---------- Records for this task

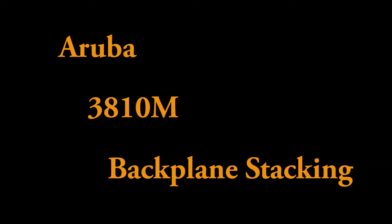Within front plane stacking you're using normal ports and convert them to stacking ports in order to create a virtual switch. But in this video we're going to have a look at backplane stacking, and in particular backplane stacking on an Aruba 3810M switch.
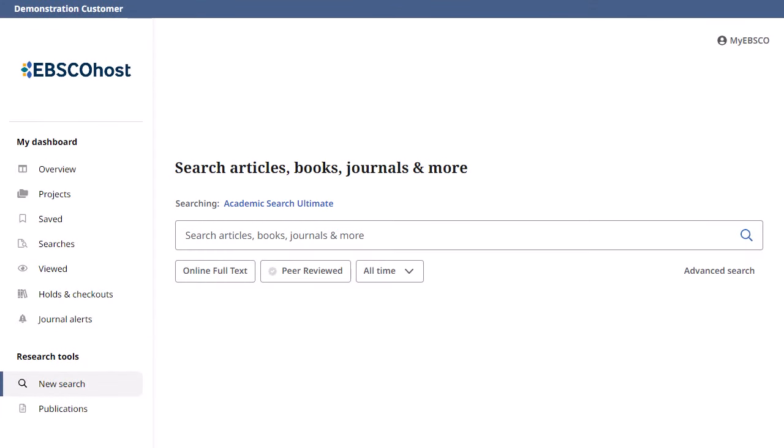The new EBSCO user interfaces are powerful online reference tools that offer a variety of full-text databases and popular databases from leading information providers. In this tutorial, we will look at conducting a search from the basic search screen of the new EBSCOhost or EBSCO Discovery Service.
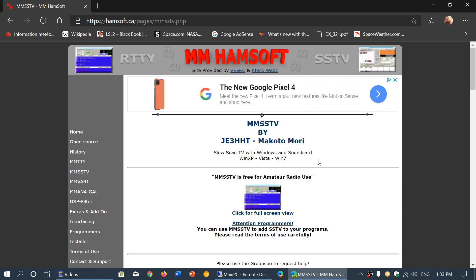There is of course MMSS TV, which I personally find is one of the best out there for decoding slow scan TV in Windows. This is where you want to download it — the page is here, and I'll post the link below.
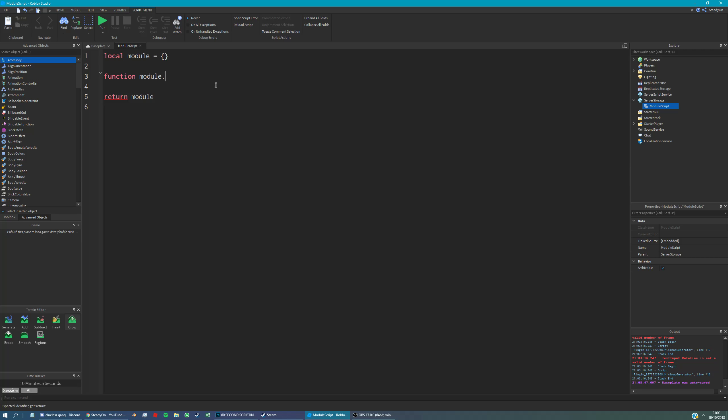So let's call it get name and then we just use it as a normal function. What we're actually doing here is we're creating an entry in this table and that entry is this function.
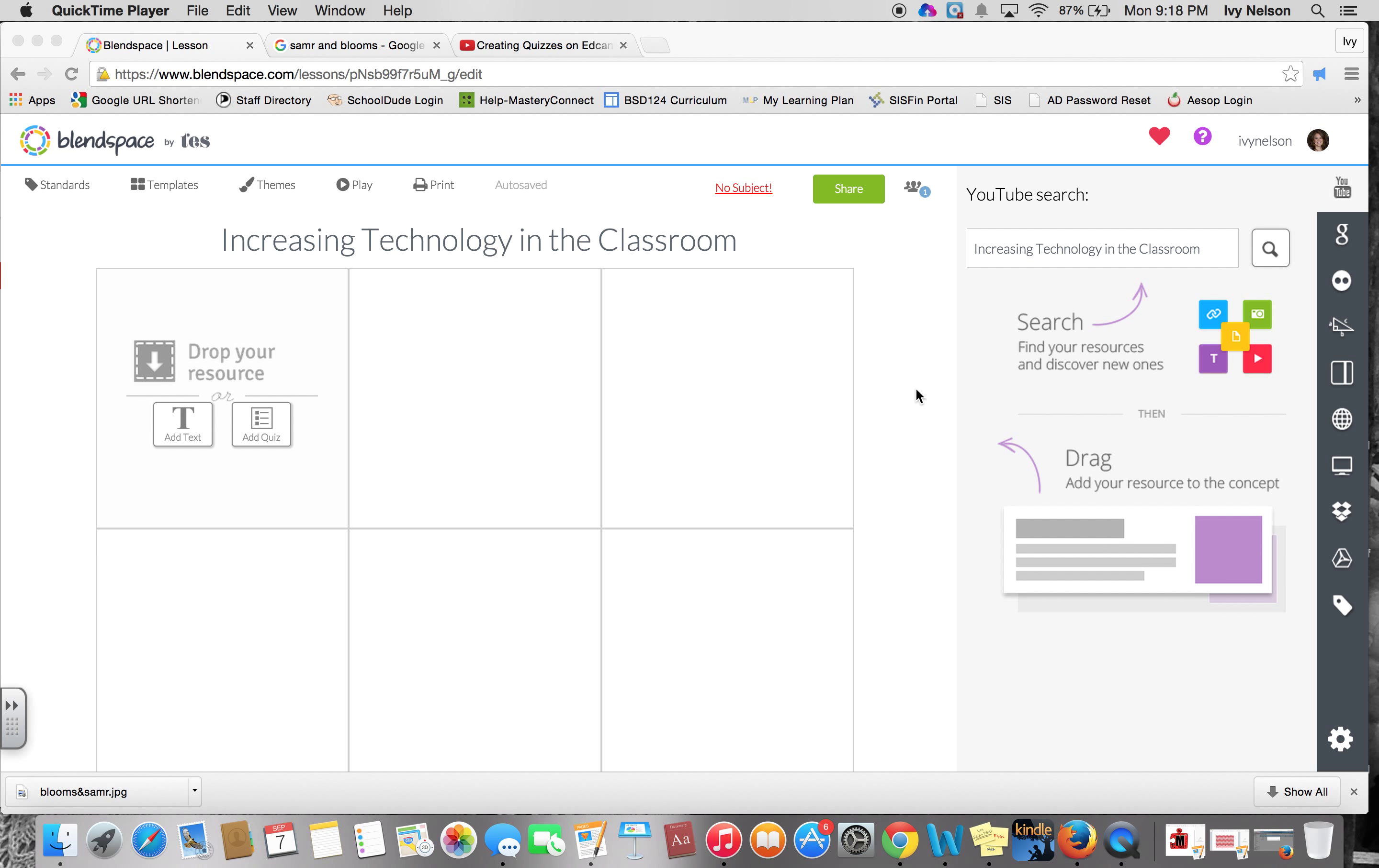This is Blendspace, and Blendspace is another great tool for creating multimedia projects, either lessons or you can have students use Blendspace to create projects in class.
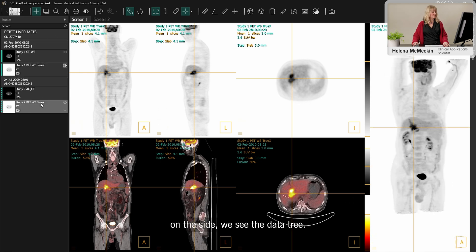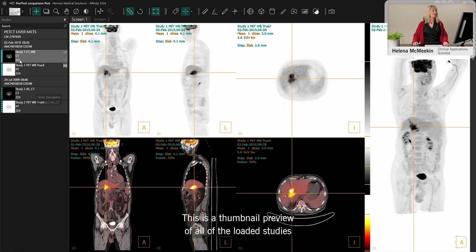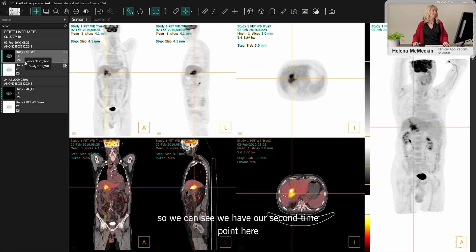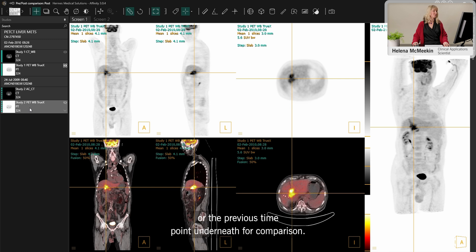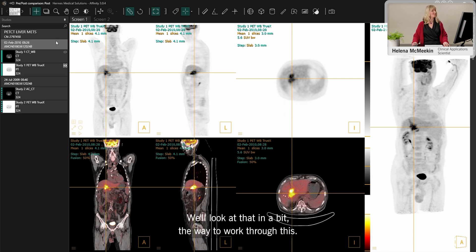On this side we see the data tree — this is a thumbnail preview of all of the loaded studies. We can see we have our second time point, the previous time point, underneath for comparison; we'll look at that in a bit.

--------------------

Task objective — From the line with "There is of" down to the last line of the records above, restate each line verbatim, passing over any picture.

Response below —
There is of course MMSS TV, which I personally find is one of the best out there for decoding slow scan TV in Windows. This is where you want to download it — the page is here, and I'll post the link below.
So let's call it get name and then we just use it as a normal function. What we're actually doing here is we're creating an entry in this table and that entry is this function.
This is Blendspace, and Blendspace is another great tool for creating multimedia projects, either lessons or you can have students use Blendspace to create projects in class.
On this side we see the data tree — this is a thumbnail preview of all of the loaded studies. We can see we have our second time point, the previous time point, underneath for comparison; we'll look at that in a bit.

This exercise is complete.